WHAT THIS TASK INVOLVES. In the records that follow, find the line containing "Franklin Pictures, Inc. logo" and the line containing "by The Storyteller.", then transcribe both and every line between them exactly, omitting pictures.

══ RECORD EXTRACTS

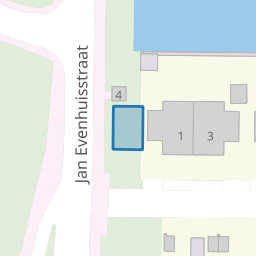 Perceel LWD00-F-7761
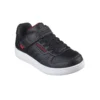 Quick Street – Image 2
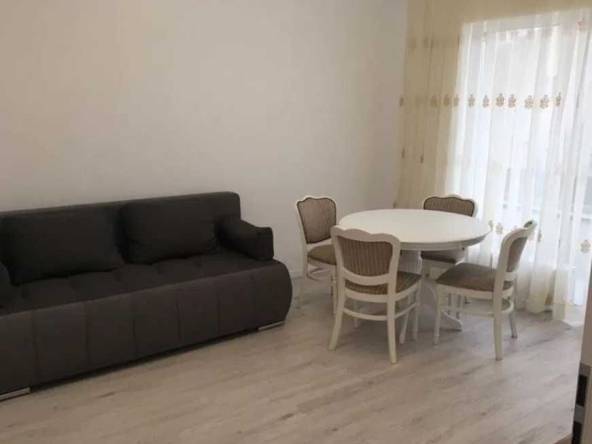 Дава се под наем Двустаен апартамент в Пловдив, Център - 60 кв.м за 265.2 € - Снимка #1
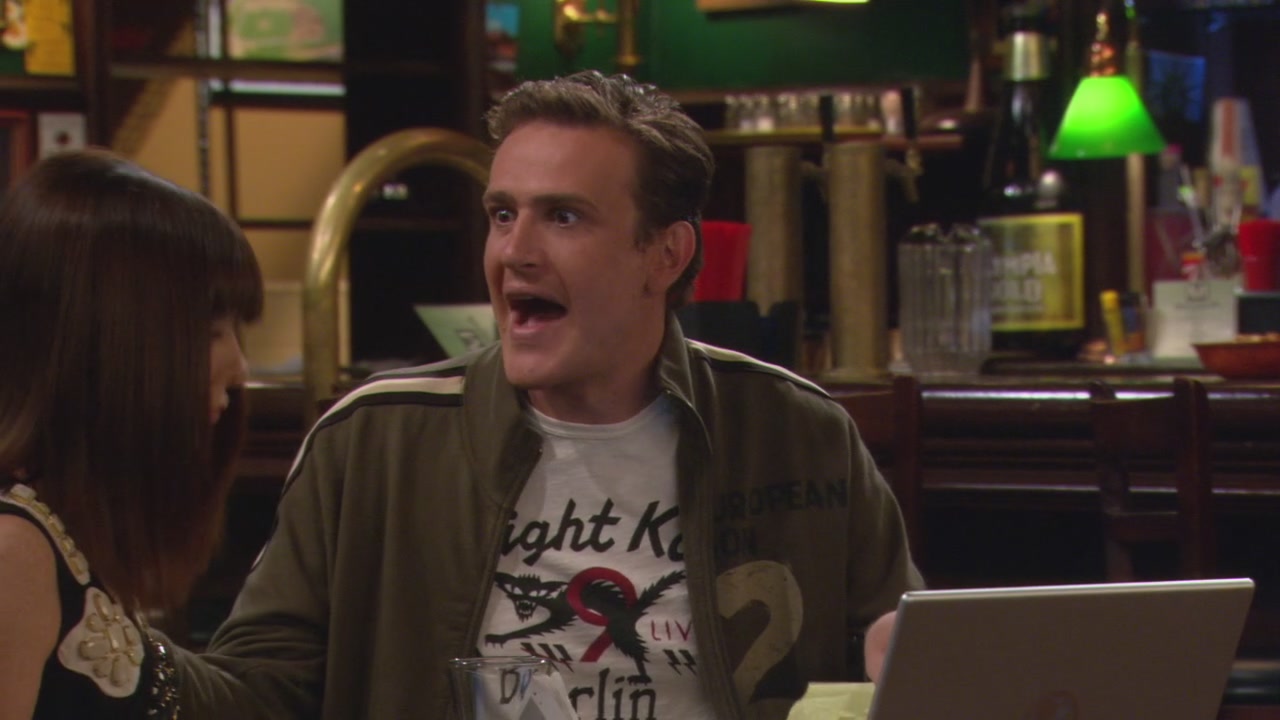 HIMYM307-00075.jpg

════
══ RECORD EXTRACTS

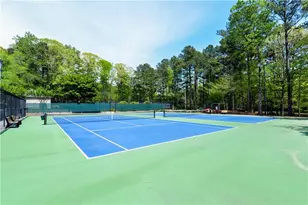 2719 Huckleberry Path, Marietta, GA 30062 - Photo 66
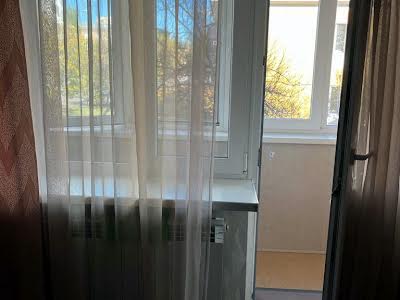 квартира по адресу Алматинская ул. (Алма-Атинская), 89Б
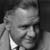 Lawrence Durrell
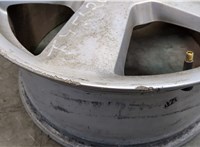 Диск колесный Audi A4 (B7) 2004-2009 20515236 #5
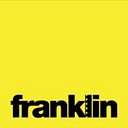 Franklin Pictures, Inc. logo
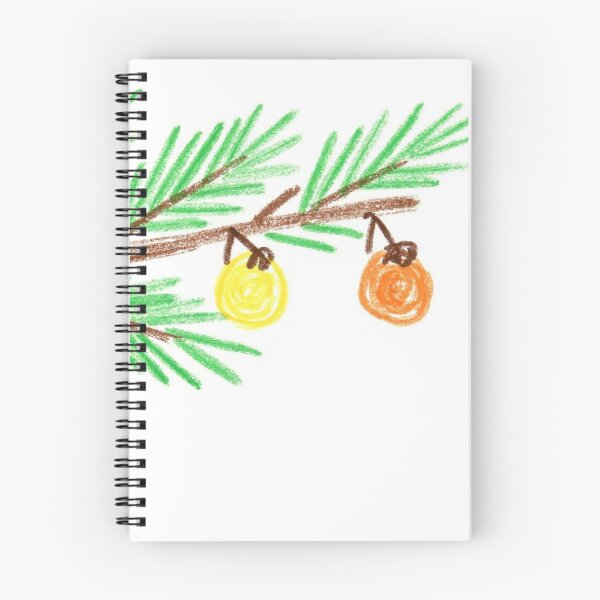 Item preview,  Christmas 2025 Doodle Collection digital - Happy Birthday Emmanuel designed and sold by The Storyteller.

════
══ RECORD EXTRACTS

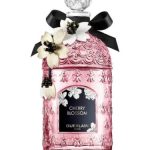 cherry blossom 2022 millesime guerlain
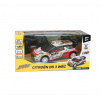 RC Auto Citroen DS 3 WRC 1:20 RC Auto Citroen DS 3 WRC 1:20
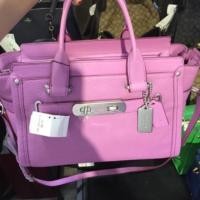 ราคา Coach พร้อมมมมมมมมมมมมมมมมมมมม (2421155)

════

SOLVED PROBLEM.
 Franklin Pictures, Inc. logo
 Item preview,  Christmas 2025 Doodle Collection digital - Happy Birthday Emmanuel designed and sold by The Storyteller.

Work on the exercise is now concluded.